**Activity:** Reproduction of part of the material below, pictures omitted: copy exactly, and only, the lines starting with the one with "Divots Dry Men's" and going on through the one with "사계절 보온보냉병 보온병 진공 등산 캠핑 아웃도어 물병 (600ml) (민트)".

**Record extracts:**

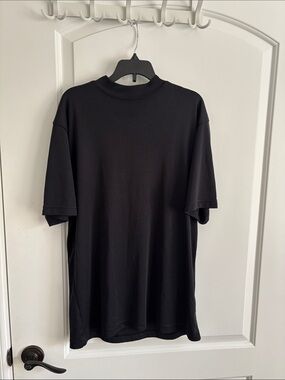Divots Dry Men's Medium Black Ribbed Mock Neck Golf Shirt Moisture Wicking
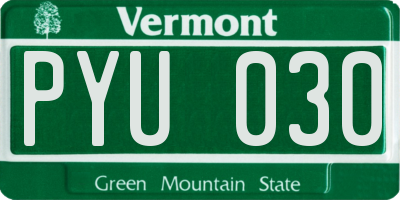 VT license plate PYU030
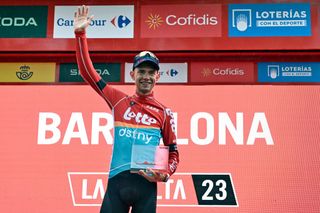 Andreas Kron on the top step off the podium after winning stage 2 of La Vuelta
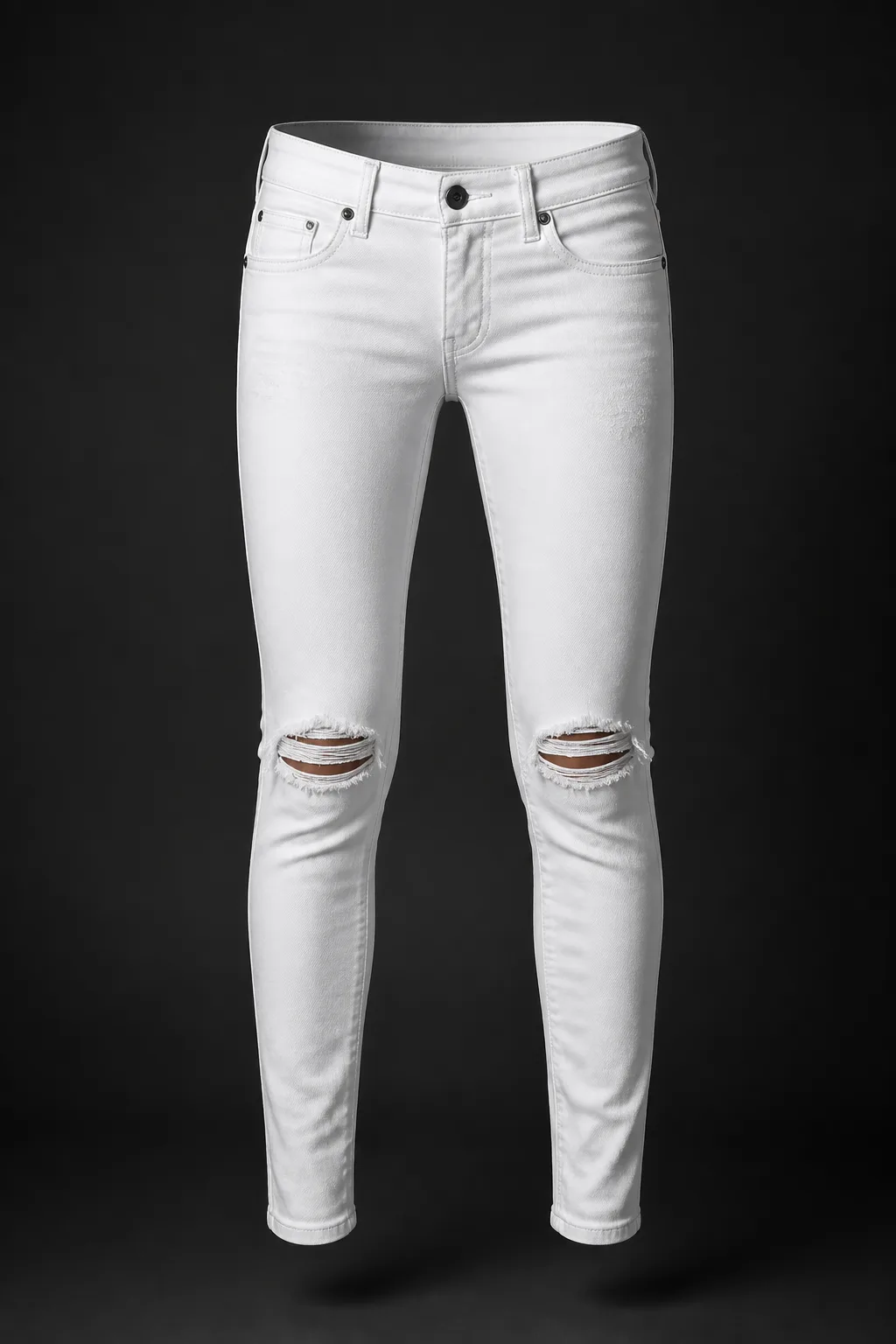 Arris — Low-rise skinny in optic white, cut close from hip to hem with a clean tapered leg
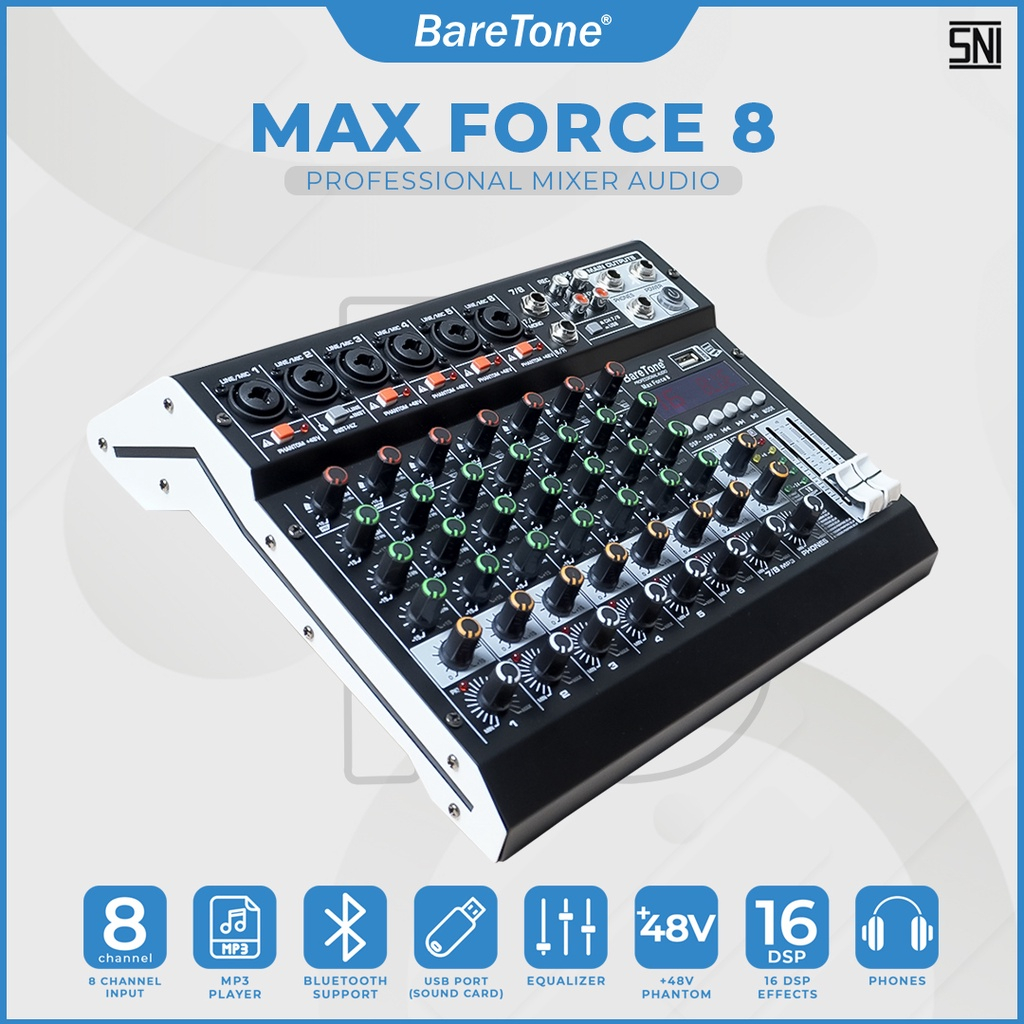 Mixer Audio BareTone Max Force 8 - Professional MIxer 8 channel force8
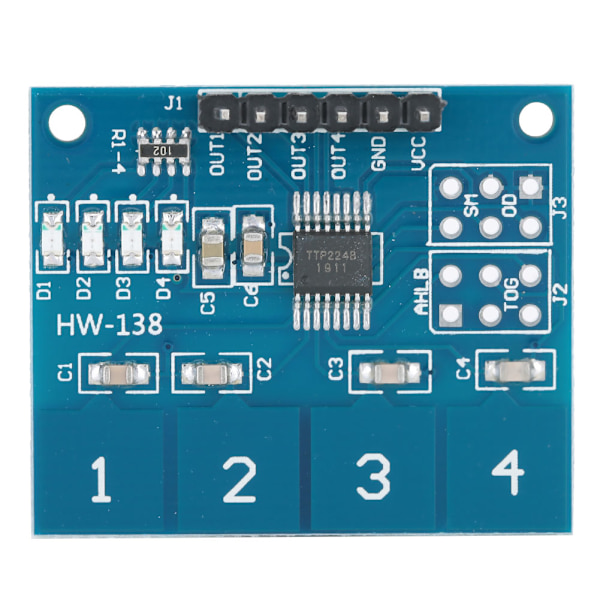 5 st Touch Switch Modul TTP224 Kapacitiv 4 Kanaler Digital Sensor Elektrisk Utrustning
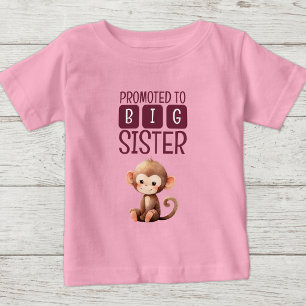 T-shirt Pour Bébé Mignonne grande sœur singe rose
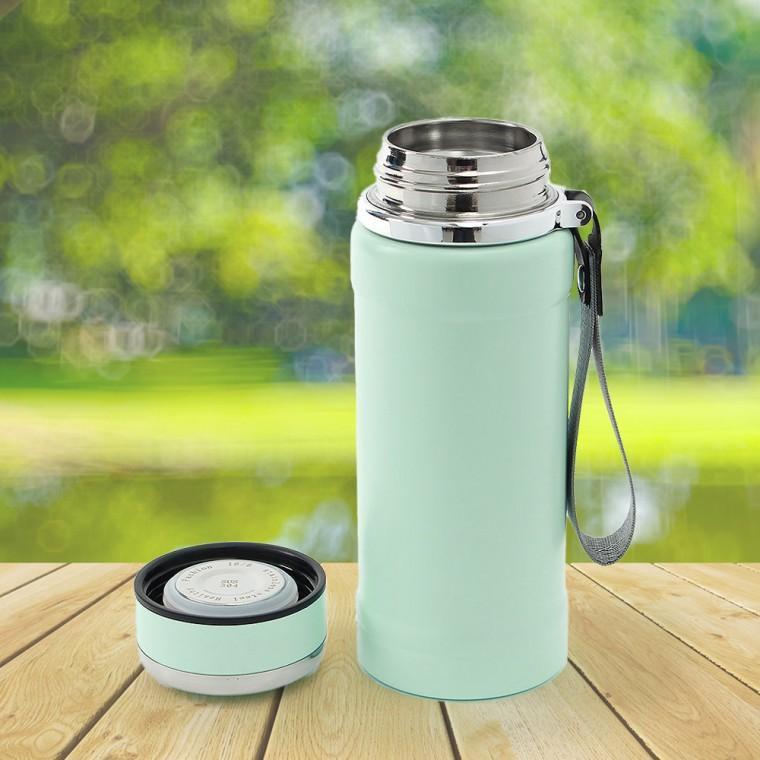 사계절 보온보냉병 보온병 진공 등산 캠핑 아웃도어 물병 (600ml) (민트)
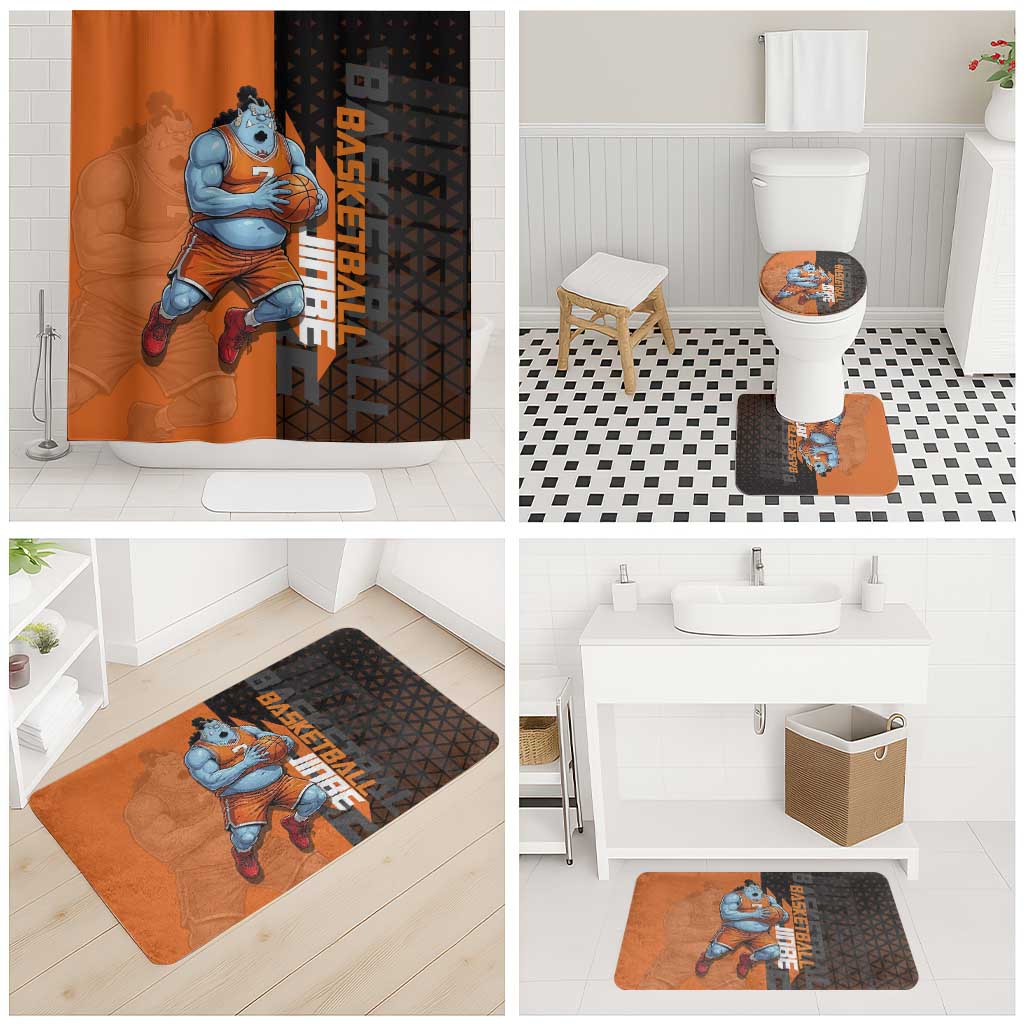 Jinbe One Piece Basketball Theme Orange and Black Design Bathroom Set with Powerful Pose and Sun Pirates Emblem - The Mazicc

* * *

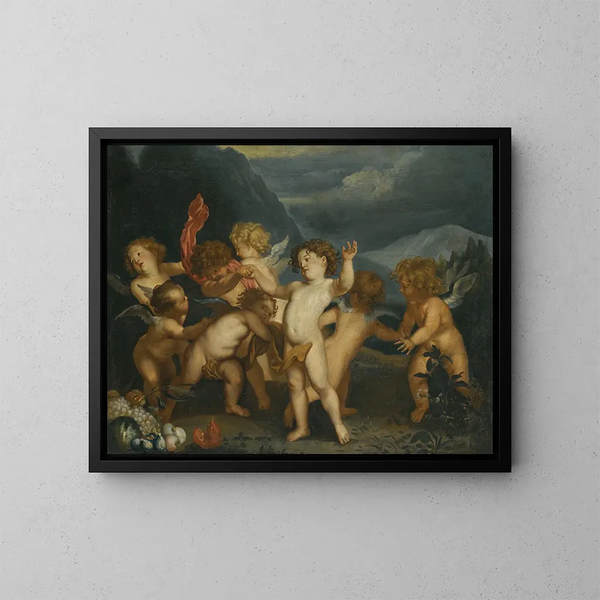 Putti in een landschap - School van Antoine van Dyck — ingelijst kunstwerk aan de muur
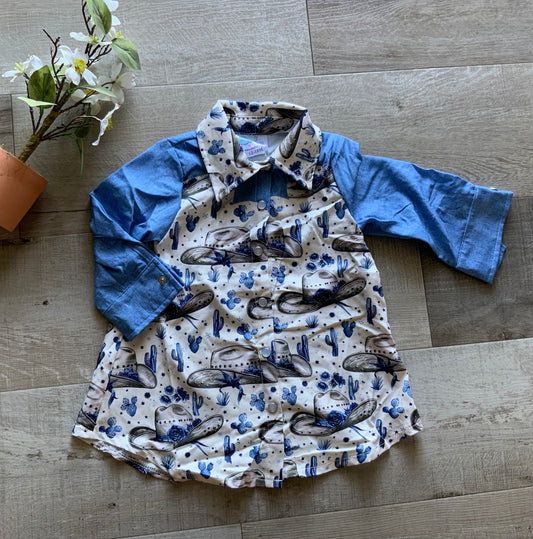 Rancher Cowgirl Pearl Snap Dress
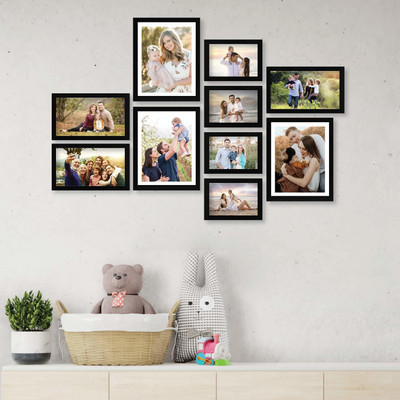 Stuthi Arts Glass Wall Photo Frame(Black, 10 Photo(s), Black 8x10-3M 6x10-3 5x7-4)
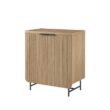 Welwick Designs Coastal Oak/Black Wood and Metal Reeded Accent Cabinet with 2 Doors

**Expected answer:**
Divots Dry Men's Medium Black Ribbed Mock Neck Golf Shirt Moisture Wicking
 VT license plate PYU030
 Andreas Kron on the top step off the podium after winning stage 2 of La Vuelta
 Arris — Low-rise skinny in optic white, cut close from hip to hem with a clean tapered leg
 Mixer Audio BareTone Max Force 8 - Professional MIxer 8 channel force8
 5 st Touch Switch Modul TTP224 Kapacitiv 4 Kanaler Digital Sensor Elektrisk Utrustning
 T-shirt Pour Bébé Mignonne grande sœur singe rose
 사계절 보온보냉병 보온병 진공 등산 캠핑 아웃도어 물병 (600ml) (민트)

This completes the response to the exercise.